● **RECORDS FOR THIS EXERCISE**:
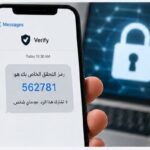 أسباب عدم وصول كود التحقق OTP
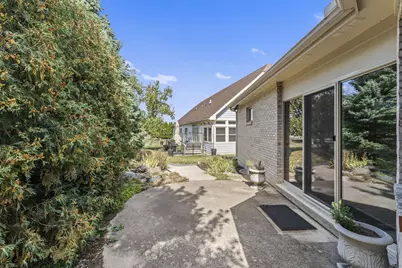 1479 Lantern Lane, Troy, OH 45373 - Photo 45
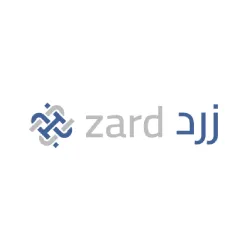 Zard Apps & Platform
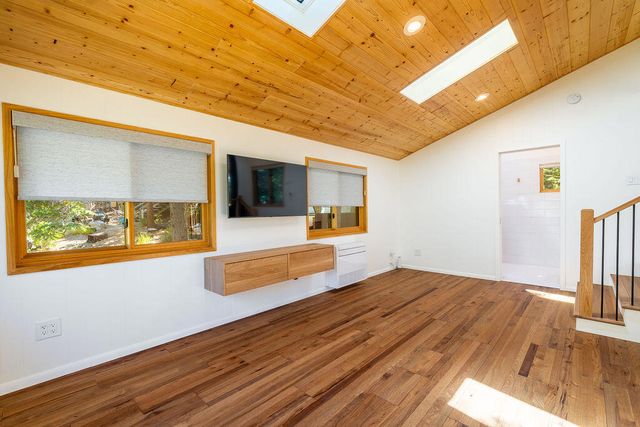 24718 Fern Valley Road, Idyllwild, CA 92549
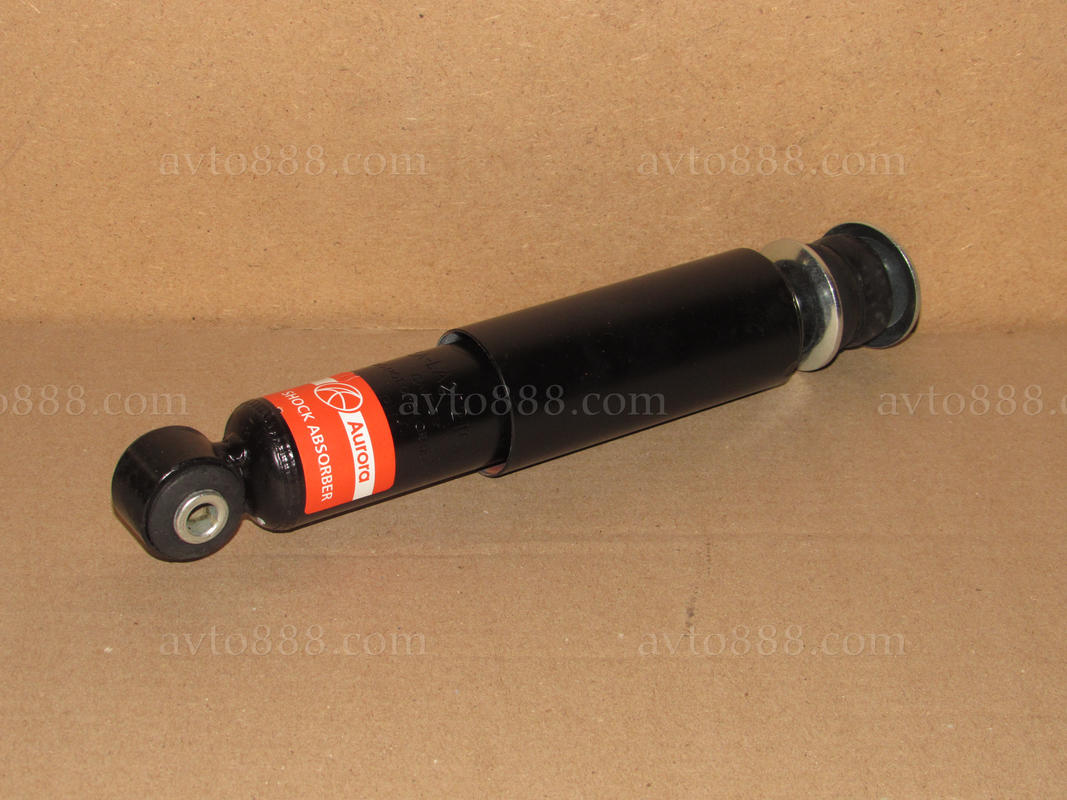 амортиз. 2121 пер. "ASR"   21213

● **ASSIGNED TASK**: Please give again only those lines that run from the one containing "1479 Lantern Lane, Troy, OH 45373 - Photo 45" through the final line of the listing, both included, exactly as written and without pictures.

● **PROBLEM SOLUTION**:
 1479 Lantern Lane, Troy, OH 45373 - Photo 45
 Zard Apps & Platform
 24718 Fern Valley Road, Idyllwild, CA 92549
 амортиз. 2121 пер. "ASR"   21213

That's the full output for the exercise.